# What is the best solver for solving a large sparse indefinite system

What's the best solver that can solve a large sparse but indefinite matrix?

• Welcome to scicomp. To get good and useful answers, I suggest you make your question more specific. Try to avoid the word 'best' as it is hard to define what is the best. How about, 'how to solve large sparse indefinite linear systems?'
– Jan
Jul 17 '13 at 11:42

You may want to watch lecture 34 here: http://www.math.tamu.edu/~bangerth/videos.html

• The sparse direct complexities around the five minute mark are a bit off. For 3D and higher meshes, the computational and memory complexities behave like $O(N^{3(1-1/d)})$ and $O(N^{2(1-1/d)})$, which matches the well-known 3D complexities of $O(N^2)$ and $O(N^{4/3})$. For 2D, the classical complexities are $O(N^{3/2})$ and $O(N \log N)$. Jul 17 '13 at 17:00
• Hm, thanks for pointing it out. I'm sure I had something in mind when I wrote these slides.

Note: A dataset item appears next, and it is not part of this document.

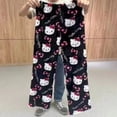 thumbnail image 5 of 2024 Anime Sanrio Hello Kitty Pijamas Negro Franela Mujeres Kawaii Lana Blanco Dibujos Animados Casual Pantalones de Casa Otoño Moda Pantalones, 5 of 5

In particular, for memory, the bandwidth of the matrix for a regular mesh is $(1/h)^{d-1}=(N^{1/d})^{d-1}=N^{(d-1)/d}$ and consequently the total number of nonzeros in the band is $N$ times the bandwidth. Is this not the correct computation? Jul 18 '13 at 2:00
• I think that you're calculating the complexities for banded solvers. Sparse-direct methods achieve much lower complexities by carefully reordering the entries in a manner which further reduces fill. Chapter 2 of my dissertation derives all of this from scratch. Jul 18 '13 at 2:03
• @WolfgangBangerth Indeed, "bandwidth" is not the relevant measure for sparse direct methods. I don't know where that myth started, but it gives the wrong impression and we should do our best to kill it. Minimal vertex separator is not that different of a concept, but allows accurate reasoning. Jul 20 '13 at 19:44
• Thanks, guys, for pointing this out. I'll have to update the description of this talk with an erratum. Jul 21 '13 at 2:05

Prof. Bangerth's lecture has already covered most of it, but I'd recommend you look at this paper. The authors take three of the most common methods (GMRES, CGS and CGNE) and give some matrices for which one method will converge in O(1) operations and the other two converge in O(N). The upshot of this is that there is no uniformly best iterative method for indefinite systems.

There are some special cases. For example, if your matrix is symmetric but indefinite, you'll want to use MINRES, or if your matrix comes from a constrained optimization problem there's a family of methods based on the Uzawa algorithm that you'd want to look at. Nonetheless, no one method works best for everything.

All told, you'll be better off asking what's the best preconditioner for the specific problem you have in mind. Prof. Bangerth has a bunch of lectures on this topic already, but I'll mention ILU as a fairly popular approach which works for a lot of problems and is pretty easy to understand (if not to analyze).

If you want more background, you can refer to Yousef Saad's book on iterative methods for sparse linear systems or Tim Davis's book on direct methods.

The question cannot be answered in this generality. It depends on the system. If it is related to the discretization of partial differential equations, a well designed multigrid method is of linear complexity. It can be used as a preconditioner in a Krylov-space method for additional robustness.